ライフリンクの提言の中で私の目を引いたのは、大学主催の「キャリア教育」や「就活ガイダンス」で、過去に就職活動がうまくいった成功モデルだけを紹介してしまい、実際に躓いたりうまくいかない時の支援策を提示していないのではないかという指摘です。実際には誰もが内定をすぐに掴める訳ではなく、失敗しながらも周りの教職員や学生の友人、家族などの励ましを受けながら、就職活動を継続していくことが不可欠ではないかと思います。確かに大学側は成功モデルを提示して、成功モデルに沿った行動を是として学生に接する嫌いがありますが、職員と学生の間には当然ジェネレーションギャップが存在しているので、いまの学生の目線に立つためにも、就職に関する情報はもちろん、現代の大学生に関連する様々な情報を集めて接していくことが必要だと感じます。提言では大学のキャリアセンター利用者が少ないことの指摘もなされていますが、就業経験がない学生を育てることには苦難が伴うのは当たり前で、職員が学生の態度や言動などを問題視して放り出すのではなく、辛抱強く見守っていくことが大事です。この点においては職員も教育の重要な一翼を担っているといえます。
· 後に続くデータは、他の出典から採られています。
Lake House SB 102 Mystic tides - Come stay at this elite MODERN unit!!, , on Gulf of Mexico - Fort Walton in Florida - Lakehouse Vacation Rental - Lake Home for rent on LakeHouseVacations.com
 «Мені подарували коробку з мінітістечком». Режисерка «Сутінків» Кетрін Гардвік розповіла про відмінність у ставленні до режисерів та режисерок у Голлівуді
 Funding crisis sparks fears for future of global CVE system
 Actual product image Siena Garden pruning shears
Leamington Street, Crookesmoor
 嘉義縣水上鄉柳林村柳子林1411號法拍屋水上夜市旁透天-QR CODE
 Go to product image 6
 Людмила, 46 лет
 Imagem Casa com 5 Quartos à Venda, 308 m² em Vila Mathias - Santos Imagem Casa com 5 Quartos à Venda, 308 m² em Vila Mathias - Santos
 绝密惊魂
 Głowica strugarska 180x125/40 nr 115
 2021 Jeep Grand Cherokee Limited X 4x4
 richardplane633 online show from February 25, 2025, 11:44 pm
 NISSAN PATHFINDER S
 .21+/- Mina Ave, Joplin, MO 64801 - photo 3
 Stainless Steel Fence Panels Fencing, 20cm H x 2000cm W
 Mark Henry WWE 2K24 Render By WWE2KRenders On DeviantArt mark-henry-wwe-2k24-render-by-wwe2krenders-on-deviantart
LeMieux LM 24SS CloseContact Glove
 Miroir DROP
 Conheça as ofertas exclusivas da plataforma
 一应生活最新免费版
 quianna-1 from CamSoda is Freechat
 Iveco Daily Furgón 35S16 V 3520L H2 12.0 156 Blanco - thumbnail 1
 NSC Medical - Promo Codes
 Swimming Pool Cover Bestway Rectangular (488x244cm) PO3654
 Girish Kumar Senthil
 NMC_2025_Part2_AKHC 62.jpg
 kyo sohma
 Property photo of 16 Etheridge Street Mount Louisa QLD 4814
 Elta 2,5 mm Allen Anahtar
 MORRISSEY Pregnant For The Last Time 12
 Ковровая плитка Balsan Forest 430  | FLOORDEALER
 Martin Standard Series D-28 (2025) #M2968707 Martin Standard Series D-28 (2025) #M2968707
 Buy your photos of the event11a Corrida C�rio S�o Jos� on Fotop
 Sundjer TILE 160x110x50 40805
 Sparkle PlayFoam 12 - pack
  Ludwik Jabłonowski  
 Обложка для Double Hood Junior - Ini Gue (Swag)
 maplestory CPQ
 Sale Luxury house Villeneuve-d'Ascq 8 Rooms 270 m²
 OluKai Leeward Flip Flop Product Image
私自身の話になって恐縮ですが、ひとつ経験談としてお話しておきたいことがあります。以前も触れたことがあるのですが、私は高校を5年かけて卒業しました。いまでいうところの不登校のような状態だったのですが、周囲の人に励まされて高校を卒業することができ、大学に入学して学ぶ中で、ご縁があって在学していた大学を設置する学校法人に就職することになって、今は教務課で仕事をしています。学生の気持ちが分かる、とは言いきれないのですが、就活に悩み、先が見えない状態で苦しい気持ちは何となく自分自身の経験からも感じられるような気がします。そうした時、そばに寄りそいながらも、本人が立ち上がるのを辛抱強く待ち続けることが大切なのです。私自身が他者の励ましによって導かれた経験があるからかも知れませんが、職員として大学に勤務していて、待つことは学生支援にとって本当に重要なポイントなのだと実感しています。これは就職支援に携わる職員だけでなく、大学で勤める責務として色々な部署で働く人たちに知っていただきたいと思います。